El caso se presta a profundas reflexiones. Por ejemplo sobre el hecho de que toda broma tenga un fondo de verdad. Pero también sobre la capacidad de autocrítica o de auto ironía. Sobre el mal entendimiento de una broma como algo serio, como un ataque.
Pero me gusta ahondar sobre la cuestión del valor del deporte en los estados-naciones.
1) valor instrumental: sirve para crear la imagen de un país en el contexto internacional. De ahí el interés de los políticos para sacarse la foto con el ganador de una competición. Los varios políticos no paran de repetir que los éxitos del deporte español hacen grande la marca-españa.
2) valor identitario: aglutinan a la gente alrededor de ciertas figuras, de ciertos personajes, con tintes heroicos y míticos (no hay que olvidar que el deporte es una sublimación de la guerra), hasta el punto que la gente acaba identificándose con ellos. Todo el pueblo de Pinto se siente Contador. Toda España se siente Contador. Esto, claro está, solo ocurre con los ganadores, ya que nadie quiere identificarse con los perdedores.
De ahí deriva también la increíble dificultad con la que los españoles, el Gobierno y las instituciones deportivas han asumido la derrota de Contador, su positivo al Clembuterol, que no es un simple positivo a la cafeína o a un antihistamínico. De hecho aun lo defienden.

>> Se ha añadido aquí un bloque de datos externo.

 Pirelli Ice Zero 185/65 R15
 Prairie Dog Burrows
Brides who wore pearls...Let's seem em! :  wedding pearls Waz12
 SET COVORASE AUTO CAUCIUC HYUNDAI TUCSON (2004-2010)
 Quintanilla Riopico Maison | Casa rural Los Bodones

Ahora pues, la reacción de la sociedad española es obvia. En España el deporte es sagrado, al menos como lo es para los islamistas radicales la imagen de Mahoma. Y las innumerables respuestas, violentas y agresivas a la broma de los cómicos franceses, recuerdan tristemente a los fanáticos que quemaban las banderas danesas.

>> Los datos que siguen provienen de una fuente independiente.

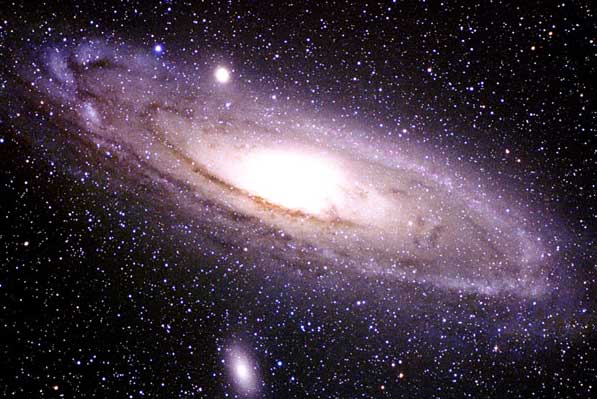 M31: The Andromeda Galaxy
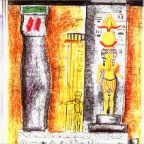 Grade 05 - Egyptian Book of the Dead 03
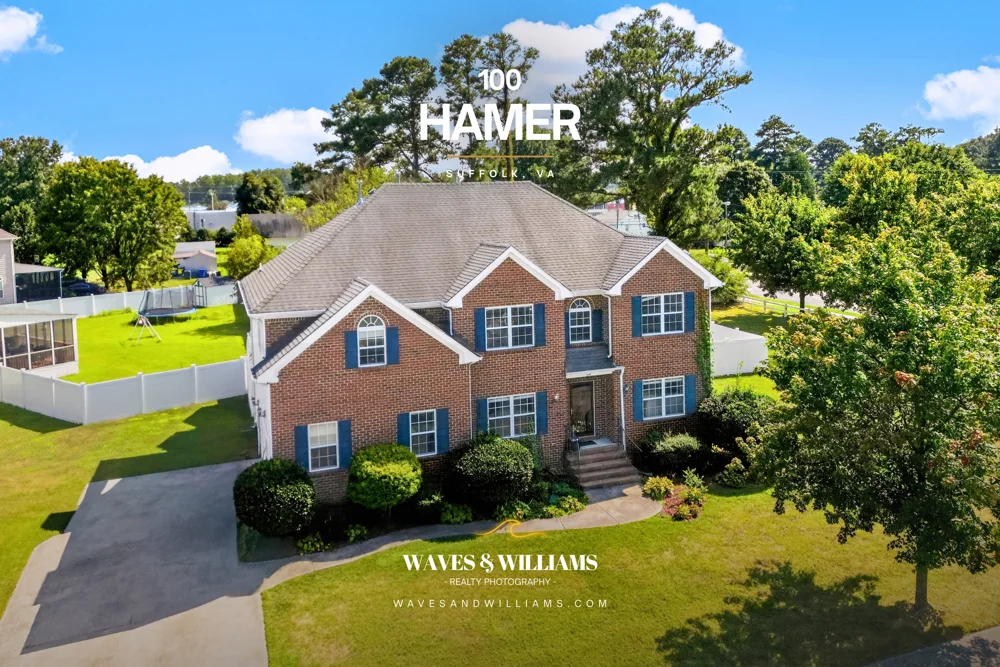 📸 Waves & Williams Realty Photography
(757) 630-2619

📍 Suffolk, VA
Location: Christiana Landing
Type: Single Family Home
For Sale

🌊

Contact Us:
📞 (757) 630-2619 | trey@wavesandwilliams.com
🖥 https://wavesandwilliams.com

🌊
Real Estate Photographer Hampton Roads
#SuffolkRealEstatePhotographer #realestatephotographer #RealEstatePhotography #HamptonRoadsRealEstatePhotographer #HamptonRoadsPhotographer WavesAndWilliams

La reacción es obvia, pero no por ello inteligente. Exactamente como fue estúpida la reacción de los islamistas radicales.
En primer lugar porque la provocación venía de unos cómicos. En segundo lugar porque ha demostrado que España tiene a los resultados deportivos más que a los resultados, mucho menos halagüeños, que no consigue en otras competiciones: economía, política internacional, investigación, educación, etc. Esto es, la sociedad española ha dado importancia a un tema secundario.
Mientras en Francia los guiñoles sólo están en la TV y dicen tonterías (como que todos los deportistas españoles de éxito se dopan) en la TV, aquí en España, los guiñoles están sentados en el parlamento y dicen cosas como que una ley del aborto igual a la que hay en los demás países de la UE necesita ser reformada, hablan de conciliación de la vida laboral y familiar, pero las bajas de maternidad son de las más breves de la UE, dejan la educación en mano de los curas, hablan de cancelar una asignatura cuyo único defecto es mencionar la existencia de los homosexuales y de los inmigrantes…que para alguno de estos guiñoles deberían desaparecer o curarse!
Esta es la tragedia de una situación que debía haberse quedado en lo que era: una broma. Por otro lado, el hecho de que media EU dude de la honestidad del deporte español, único país europeo a no tener una legislación antidopaje estricta, debería, en un país normal, haber encendido las alarmas sobre el dopaje en España, y no sobre supuestos odios o envidias de los franceses hacia España. Pero mientras hacer autocrítica es difícil, profesar el victimismo es muy fácil. Permite reunir las fuerzas nacionales, para dirigirlas hacia los de fuera, en un contexto donde internamente las cosas van no muy mal, sino fatal: recortes, paro, desigualdades, reducción de los derechos, crisis, recesión, etc. Permite olvidar los problemas reales, para concentrarse sobre cosas que son, al fin y al cabo, lo que son: bromas.
Pero con la que está cayendo (y con la que va a caer) los españoles no deberían estar para bromas.